Essa disposição, no entanto, em primeiro lugar, parte de regras firmadas com apoio na média apurada entre os estágios máximo e mínimo de duração da gravidez normal, mas não ignora a eventual ocorrência de exceção.

Em segundo lugar, é preciso ter presente que o Código Civil, com tal redação, data de 1917, quando entrou em vigor. Lembra-se, porém, que a idéia dominante no texto, é bem anterior, vindo desde o anteprojeto original, surgido ainda no século XIX, quando impensável era a possibilidade de concepção fora dos meios naturais, e inaceitável, então, que o avanço da ciência pudesse, um dia, estabelecer a gravidez por meio artificial, com utilização de sêmen colhido do doador e conservado, até depois de sua morte.

Essa orientação do velho Código quase permaneceu na elaboração da reforma, cujo projeto data de vinte e cinco anos e cujo original não cuidava da possibilidade decorrente do avanço científico. O Senado Federal, no entanto, através da emenda nº 225, acrescentou um inciso, o III, ao artigo 1.603 do projeto, para regular a nova situação.

Dispõe o artigo 1.603 do projeto:

"Presumem-se concebidos na constância do casamento os filhos:

"III - havidos por inseminação artificial, desde que tenha havido prévia autorização do marido".

O legislador, portanto, reconhece o avanço da ciência e admite que a lei não pode deixar de reconhecer a realidade, do mesmo modo como não pode ignorá-la o juiz, embora pouco precisa a redação, que não cuida dos limites de tempo, para a fertilização, o que pode, de futuro, gerar situações de difícil solução.

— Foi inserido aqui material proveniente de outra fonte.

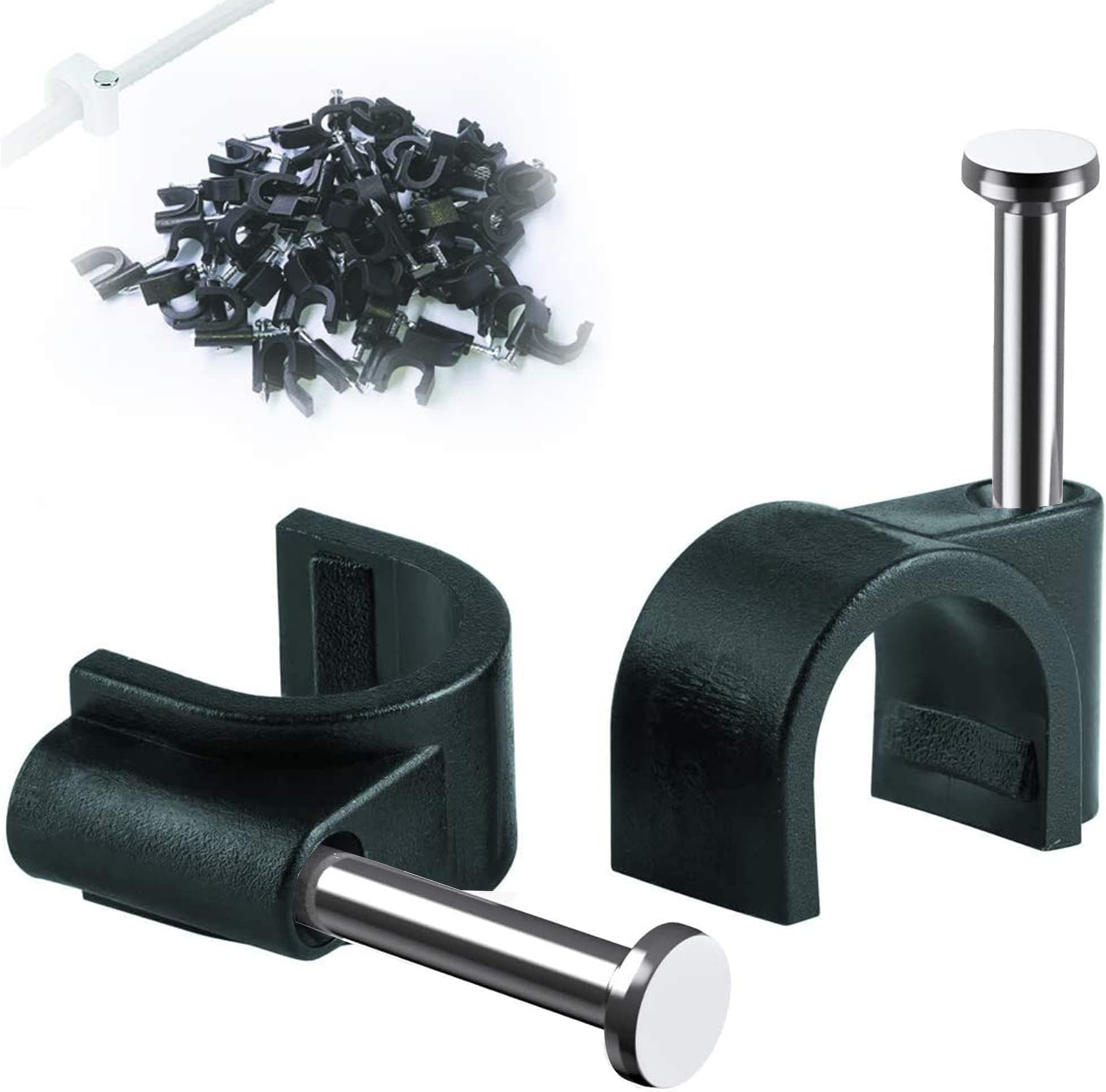 Round Cable Clips, 6mm Electrical Cable Wall Clip - Nail Clips Cable Management, 100Pcs Steel Nails Tacks Holder for Organizing Electric Wires Cables Line TV (Black)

Não se nega que, mesmo com o texto do novo Código, se vier a ser aprovado, ainda persistirão algumas dúvidas, decorrentes do texto desse inciso III, do artigo 1.603, porque a emenda nº 225, cuidou apenas da presunção da legitimidade da filiação, nesses casos, deixando, lamentavelmente, de cuidar de sua aplicação também em relação ao direito sucessório, dada a possibilidade de verificar-se a fertilização e o nascimento muito tempo após o óbito, quando já definitivamente consolidados os efeitos decorrentes de inventário e partilha de bens. Mas, este é assunto que, por enquanto, cabe apenas ao legislador.

Em resumo, desnecessária, por ora, qualquer providência em relação ao registro de nascimento, inviável, também por enquanto, alteração do assento de óbito, sendo indispensável a prévia declaração da paternidade, para futuras anotações.

Ante o exposto, e com estas observações, dou provimento, em parte, ao recurso.